Publicacao/Comunicacao
Intimação - DESPACHO
Apelação Nº 5012475-34.2023.8.24.0039/SC
APELANTE: ELIANE DE FATIMA XAVIER DA CRUZ (AUTOR)
ADVOGADO(A): ALEXANDRE EMERSON MULLER (OAB SC008932)
DESPACHO/DECISÃO
ELIANE DE FATIMA XAVIER DA CRUZ interpôs Apelação Cível em face da sentença proferida nos autos da nominada "AÇÃO MONITÓRIA" n. 50124753420238240039, movida em desfavor de IGOR GABRIEL ANDRADE, nos seguintes termos, na parte que interessa (evento 102, SENT1):
"(...) Ante o exposto, acolho os embargos monitórios para reconhecer a ilegitimidade ativa da autora e, em consequência, julgo extinto o processo sem resolução do mérito, nos termos do art. 485, VI, do Código de Processo Civil/2015.
Condeno a parte autora pagamento das custas processuais e honorários advocatícios de sucumbência devidos ao procurador do requerido, verba que fixo em 10% (dez por cento) sobre o valor da causa, nos termos do art. 85, §2º, do CPC/2015, considerando a pouca complexidade da matéria, do reduzido número de atos processuais praticados, do grau de zelo do profissional e do local da prestação dos serviços, cuja exigibilidade ficará suspensa em razão da justiça gratuita deferida no evento 9.
Fixo a remuneração do(a) Defensor(a) Dativo(a) nomeado(a) em R$ 700,00 (setecentos reais), em observância aos parâmetros definidos no artigo 8º, caput e §§ 2º, 3º e 4º, da Resolução CM n. 5/2019 do Conselho da Magistratura e suas respectivas alterações.
Publique-se. Registre-se. Intimem-se.
Com o trânsito em julgado, arquive-se com as baixas de estilo. (...)"
Sustenta a apelante, em apertada síntese, que: a) tem legitimidade ativa para propor a ação monitória, mesmo sem o endosso formal do cheque, sustentando que a posse legítima e de boa-fé do título é suficiente; b) a decisão recorrida desconsiderou a presunção de legitimidade do portador do cheque, especialmente quando há posse legítima e de boa-fé; c) destaca a possibilidade de transmissão do título por tradição (entrega), além da teoria da aparência e do instituto da cessão civil, bastando prova escrita hábil para legitimar a cobrança em sede de ação monitória.
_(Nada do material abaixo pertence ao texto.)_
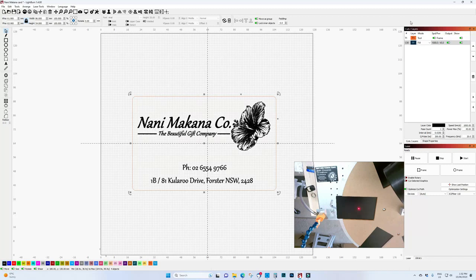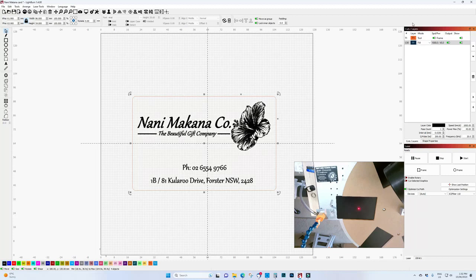I have a business card ready to go. My settings are speed 1000, power 45, frequency 20 on a 30 watt JPT fiber laser.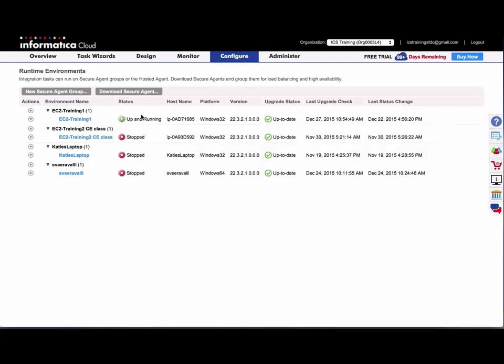And then once the status is up and running, you'll be able to use that agent to run tasks in your org.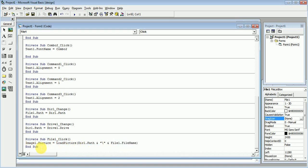So this is the code: Image1.Picture is equal to LoadPicture. This is Directory1 — its path concatenated with File1.FileName. Now we will run our program.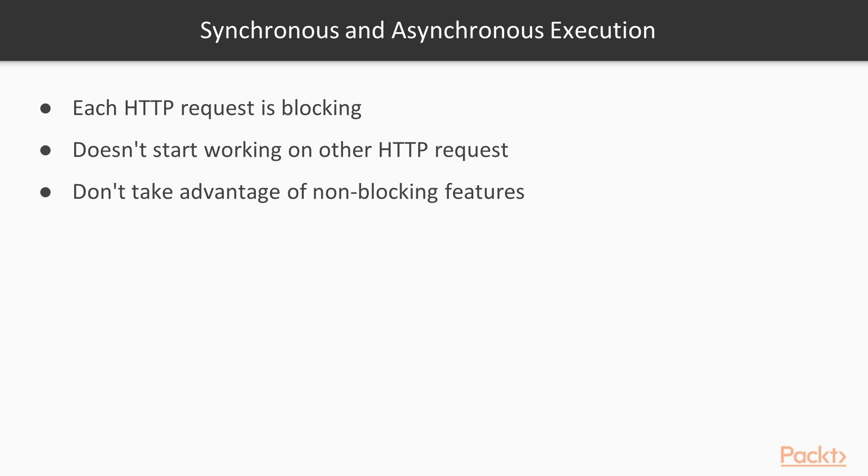In our current version of the API, each HTTP request is blocking. Thus, whenever the Tornado HTTP server receives an HTTP request, it doesn't start working on any other HTTP request in the incoming queue until the server sends the response for the first HTTP request it received.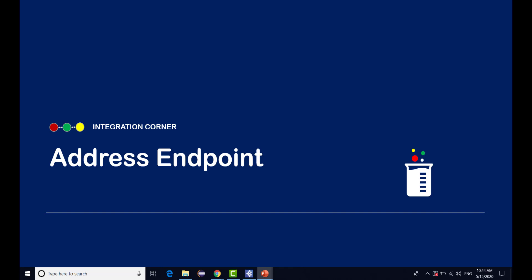Hello friends, welcome back. Today we are going to look at endpoints which is one of the functional components of WSO2's enterprise integrator, and specifically we'll be looking at address endpoints which are the basic ones. Let's get started.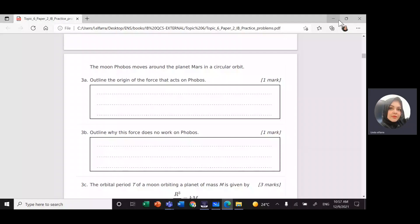Assalamu alaikum warahmatullahi wabarakatuh, this is Ms Linda. We'll continue solving IB past paper questions on topic 6, circular motion.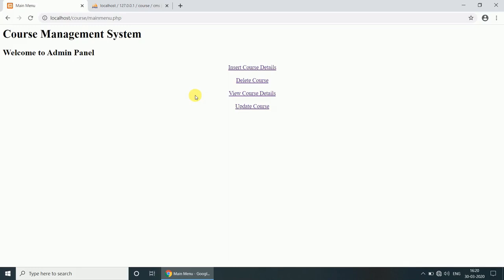Hey guys, Sam here from Creative in 40. Today in this video we are developing a project, Course Management System. Here we are using HTML as front-end and PHP and MySQL as back-end. PHP as a scripting language and MySQL as a database.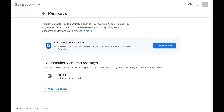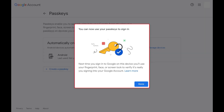You'll land on your Google Account passkey screen. Step 2: Click Create a Passkey. A window pops up letting you know that the next time you sign into Google on this device, you'll use your fingerprint, face, or screen lock to verify that it's really you.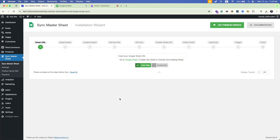Hi, this is Team Code Astrology. In this video I will show you how you can set up and integrate the Sync Master Sheet plugin with your e-commerce product data step by step. First of all, you have to create a Google Sheet.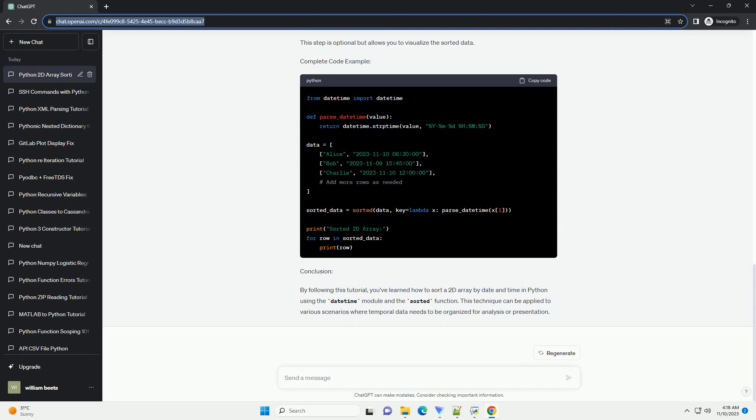Step 4, sort the 2D array using the sorted function. The key parameter specifies a function to extract a comparison key for each element. In this case, we use the parse_datetime function to convert the date and time strings to date-time objects for comparison.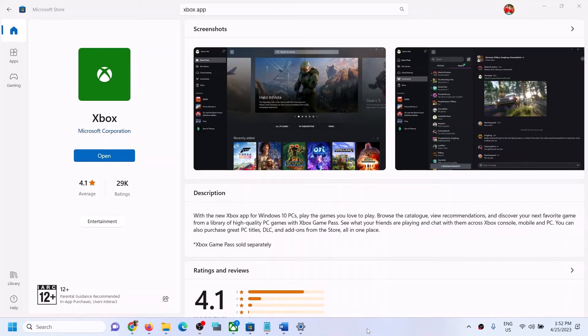Hello guys, welcome to my channel. Today in this video I'm going to show you how to fix when you're unable to install the Xbox app from Microsoft Store on your Windows computer.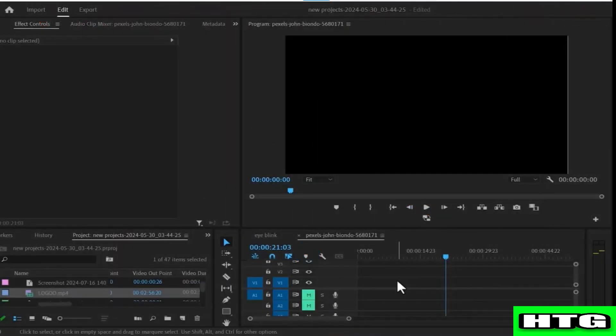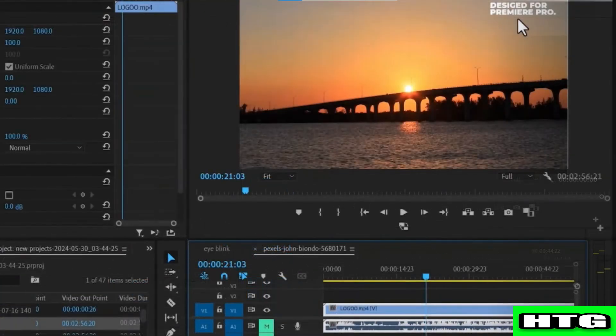The first thing that you want to do is import your video clip onto the timeline. Over here you can see the video with a text.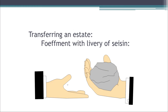Transferring ownership of land in this system was done by a process called feffment with livery of seisin. In this process, the parties would meet on the land itself, and the person transferring the land would pick up a clod, a rock, or a twig that was emblematic of the land, and would physically hand it over to the person receiving the land. This was done in the presence of witnesses and without a writing, because of course most people were illiterate, so transfers using a written deed as we do today simply wasn't feasible.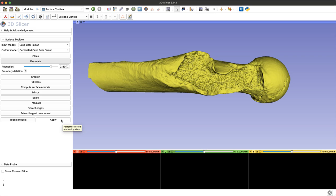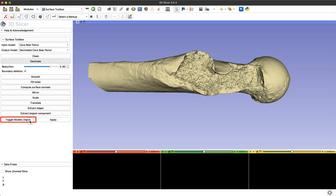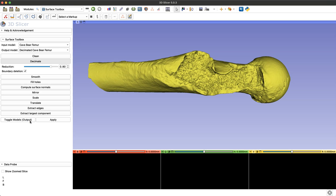This in yellow is the new reduced file, and I can toggle between the original model and the new model by selecting this toggle models option. You can see that the text input and output keeps changing as I switch between those two models.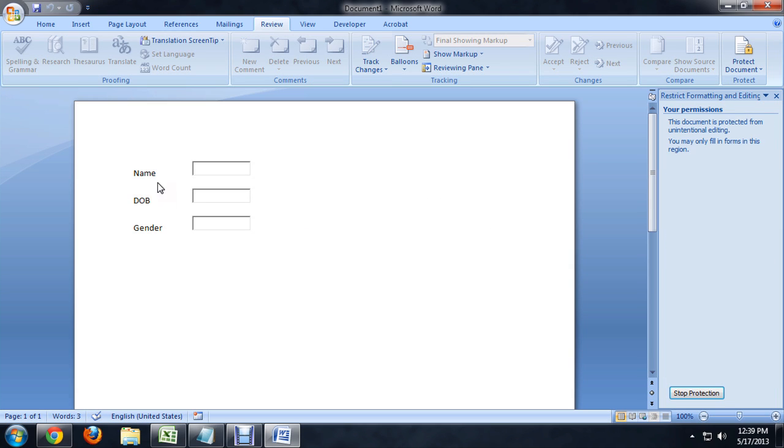And now, I can't really edit any of that text. I can't move the boxes around. I can only put my cursor into the boxes and begin filling out the information. I hope you've enjoyed this video on how to create a Microsoft Word form with editable fields.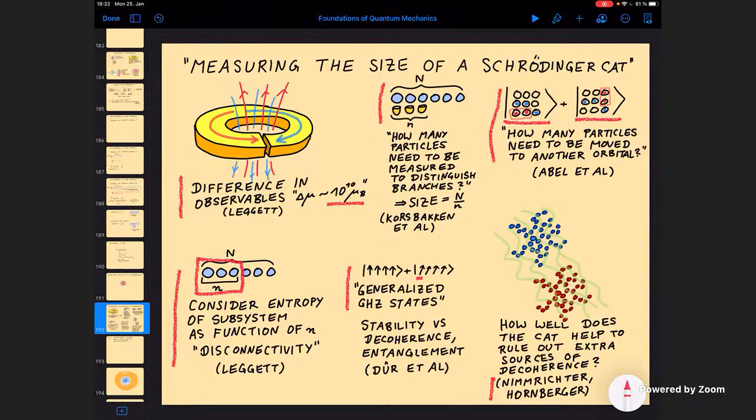That's a very nice definition which in particular applies very well to these molecular interference experiments and teaches us how big they should be considered. So much about the size of a Schrödinger cat. People over time have come to the agreement that different measures emphasize different aspects.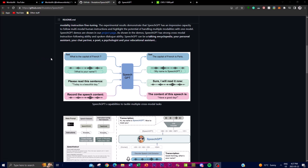The third stage is chain-of-modality instruction fine-tuning, which further refines the model's ability to comprehend and generate content spanning multiple modalities. This stage trains the model to transition more seamlessly between modalities and maintain context throughout a conversation, reducing the likelihood of the model hallucinating or repeating itself.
Assim, requer o conhecimento e provimento do recurso, para reformar a sentença, a fim de julgar procedentes os pedidos iniciais (evento 108, APELAÇÃO1).
A parte recorrida apresentou contrarrazões, com pedido de fixação de honorários à curadoria especial, por sua atuação em grau recursal (evento 113, CONTRAZ1).
É o breve relato.
DECIDO
De início, saliento que ao relator é possível apreciar monocraticamente a quaestio juris, eis que presente a hipótese legal para tanto.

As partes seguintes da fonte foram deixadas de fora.